Fiquei perplexa, chocada. Quis que parássemos. Sei lá o que me passou pela cabeça naquele momento. Sei lá...
Nada justifica violência doméstica, seja ela física, psicológica, feminina, masculina. Nada. Mas assim como penso que nada justifica o agressor, sou da igual opinião de que nada justifica a posição do agredido.

Quem esbofeteia uma mulher da forma displicente como vi este homem fazer enquanto conduz é porque estará decerto acostumado a fazê-lo. Quem esbofeteia uma mulher frente aos supostos filhos e em plena via pública é porque o faz de forma recorrente. Quem é esbofeteado por um homem neste contexto e baixa a cabeça tapando a cara com as palmas das mãos é porque está acostumada e pior conformou-se com a situação, ainda que por breves momentos. É o statos quo. 

A meu ver, agressor e agredido (em casos de violência doméstica) são posições tão distintas, como semelhantes. A mudança impõe-se não apenas a um dos protagonistas, mas sim aos dois. O que não significa em caso algum que essa mudança tenha de ser feita em conjunto ou que a mudança de um apenas dependa da mudança do outro. Terão os dois de mudar. Ponto final.    

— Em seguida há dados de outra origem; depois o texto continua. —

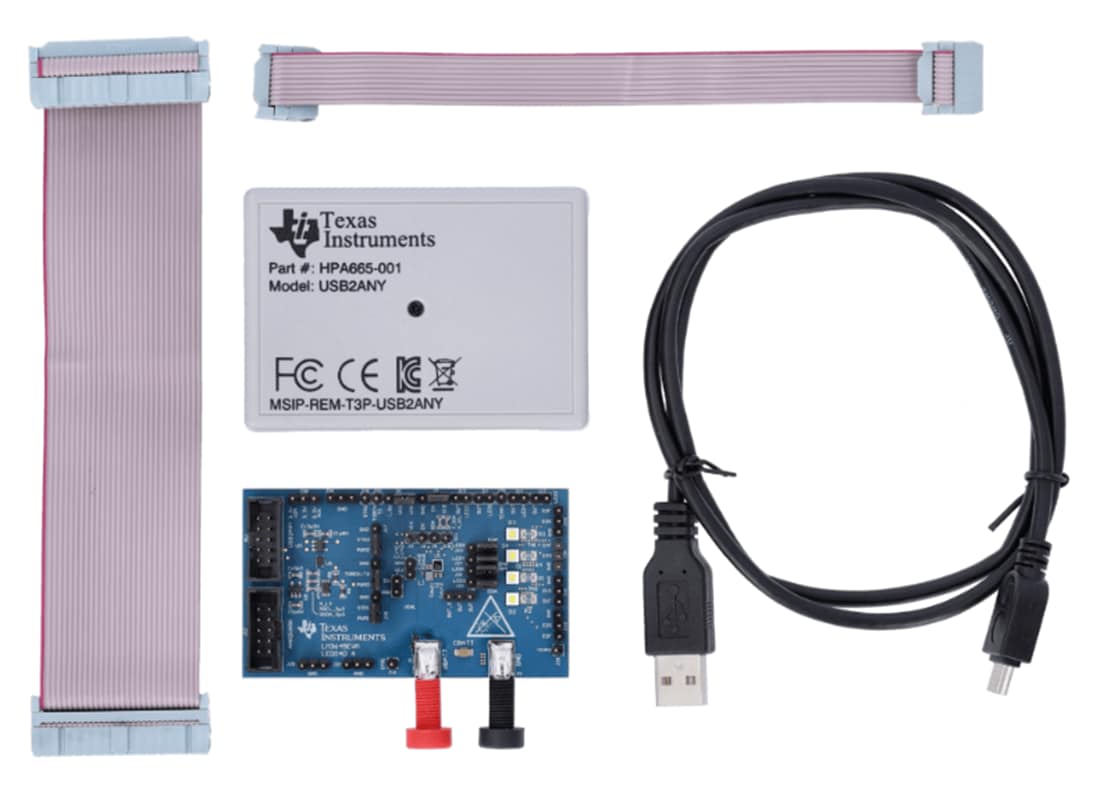 Texas Instruments LM3645EVM 评估模块（EVM）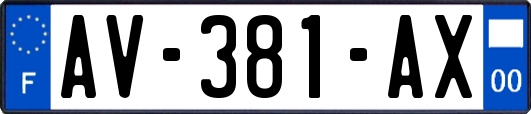 AV-381-AX
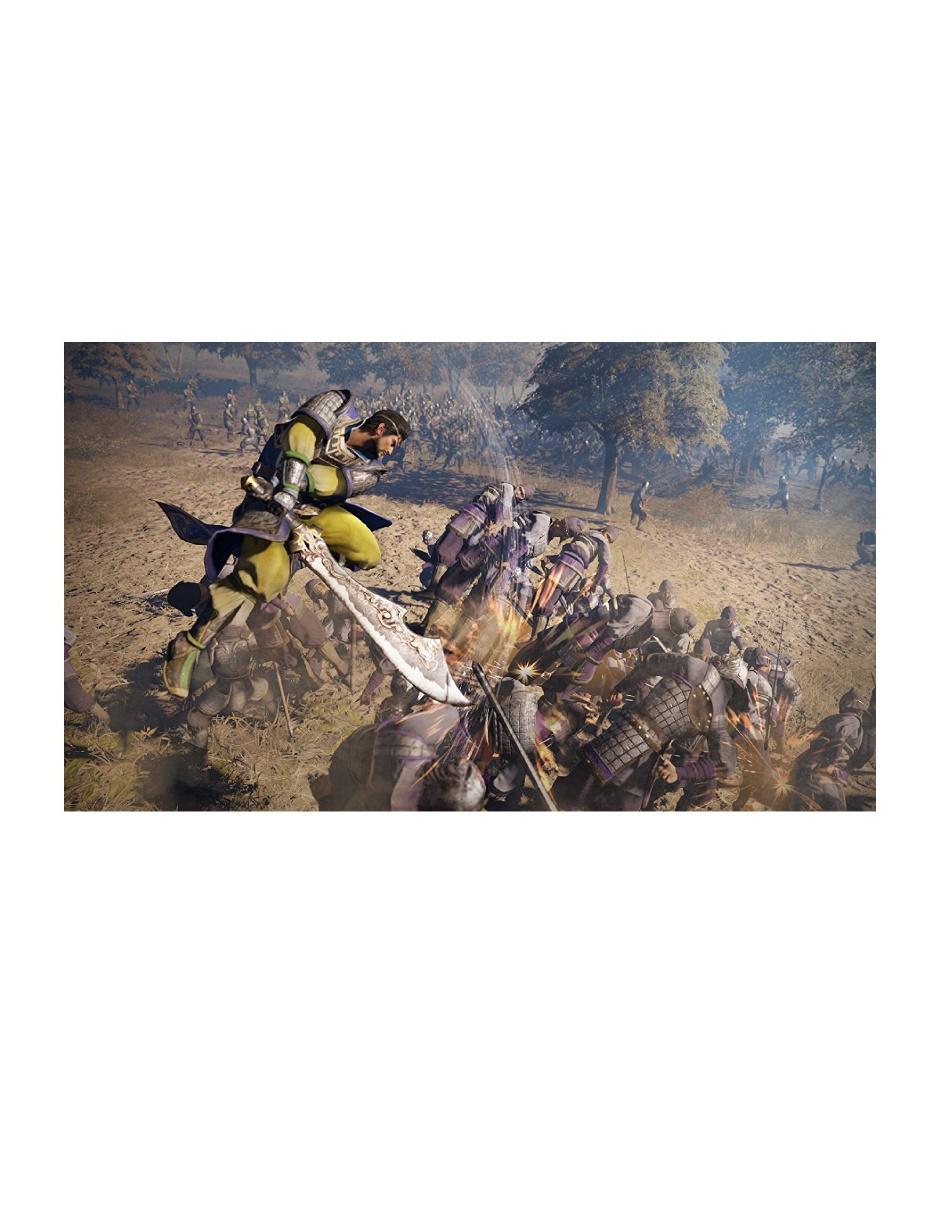 Dynasty Warriors 9 Edición Estándar Juego Físico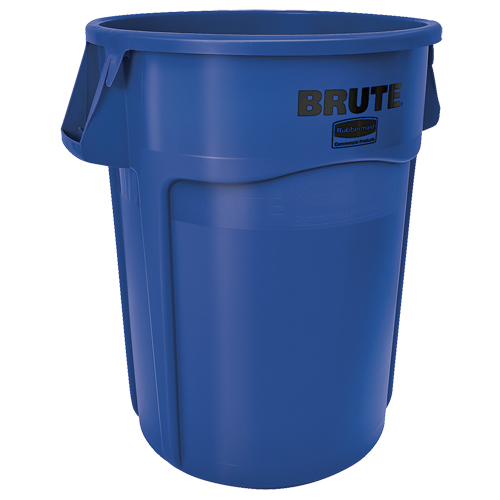 Brute&reg; Round Containers, Bulk, Polyethylene, 44 US gal. OSI Industrial Sales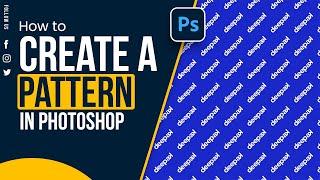 How to Create a Pattern in Photoshop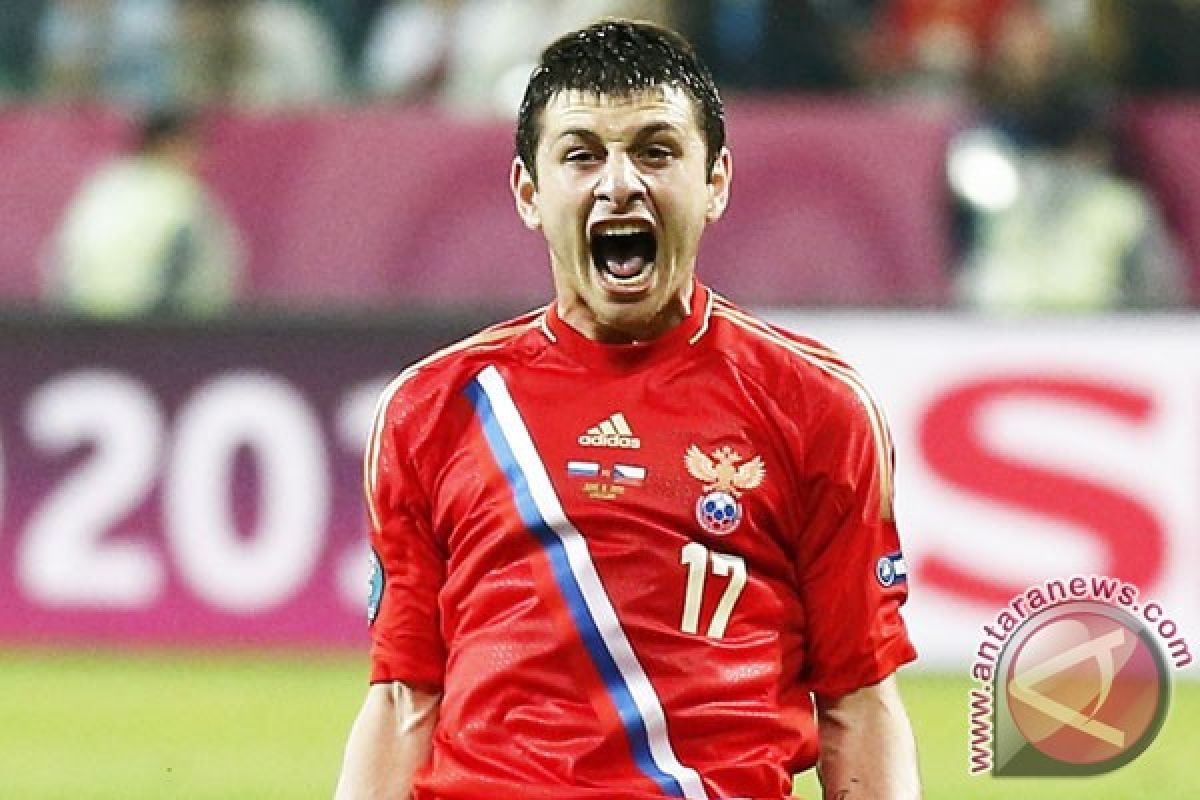 Dzagoev siap perkuat Rusia lawan Kroasia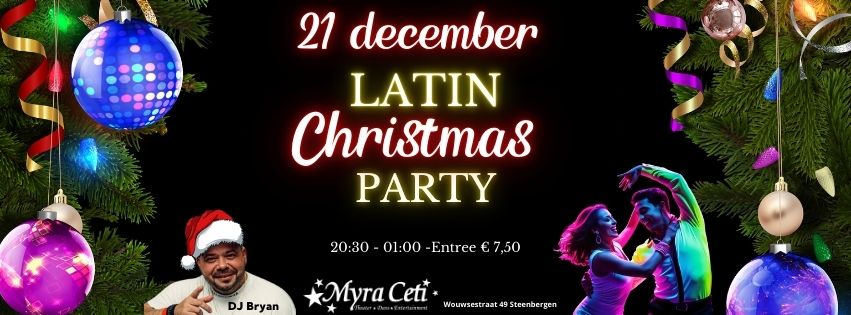 Myra Ceti's Latin CHRISTMAS Party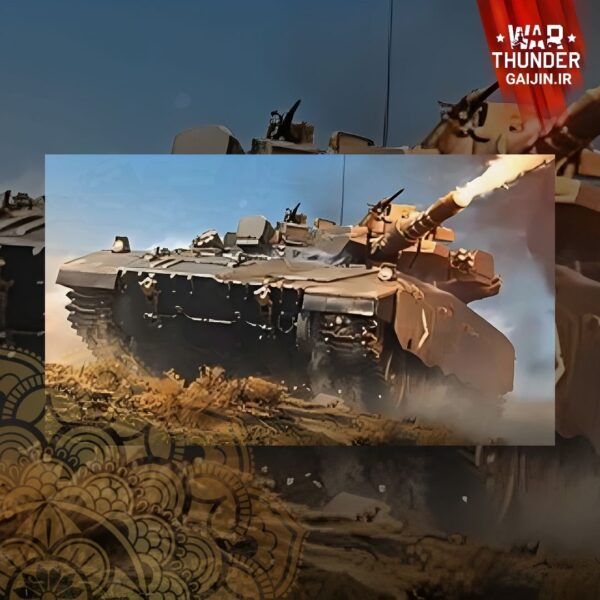 خرید Merkava Mk.3 Raam Segol Pack بازی وارتاندر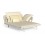 Cruise Alu • 3-Sitzer Sofa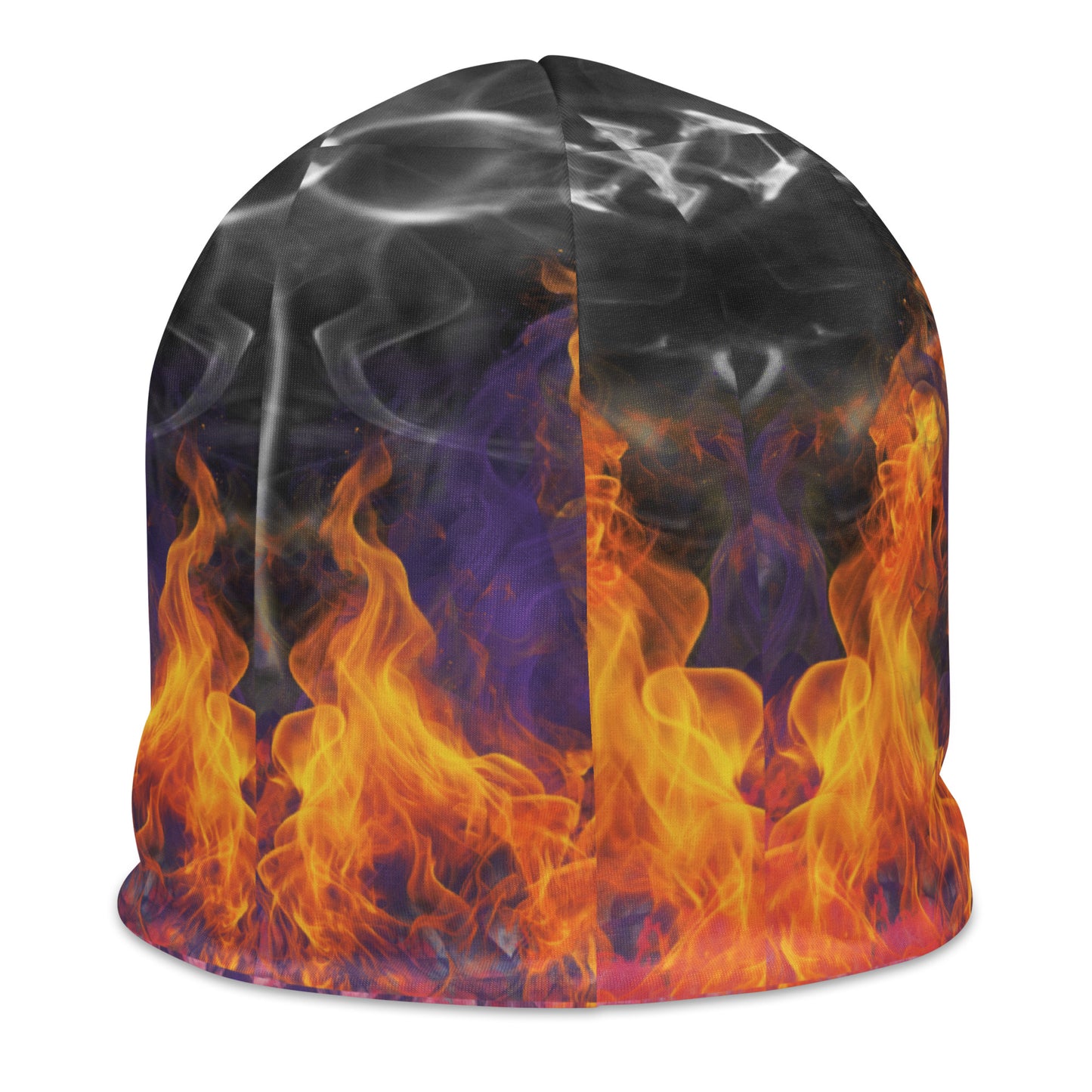 All-Over Print Beanie Brutha Rie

Acredito com todas as minhas forças que depende sempre de nós evitar ocupar o lugar de agressor ou de agredido num contexto de violência doméstica. Acredito piamente que basta um sonante "NÃO" mais interiorizado que exteriorizado. O "NÃO" vê-se na cara de quem o sente e de quem o pensa, de quem o interiorizou. Acredito também não ser preciso força nas guelras para dizer "NÃO" basta amor próprio, e nada mais fácil de conquistar que esse amor que se nutre por si mesmo ainda que na maior parte das vezes possa parecer tarefa impossível. E de nada vale dizerem-me que há casos e casos e cada um terá de ser analisado à luz da sua realidade. Somos todos humanamente iguais diferimos de mais ou menos responsabilidades, possibilidades, oportunidades, mas o "NÃO", esse, é só um e funciona em modo humanamente universal.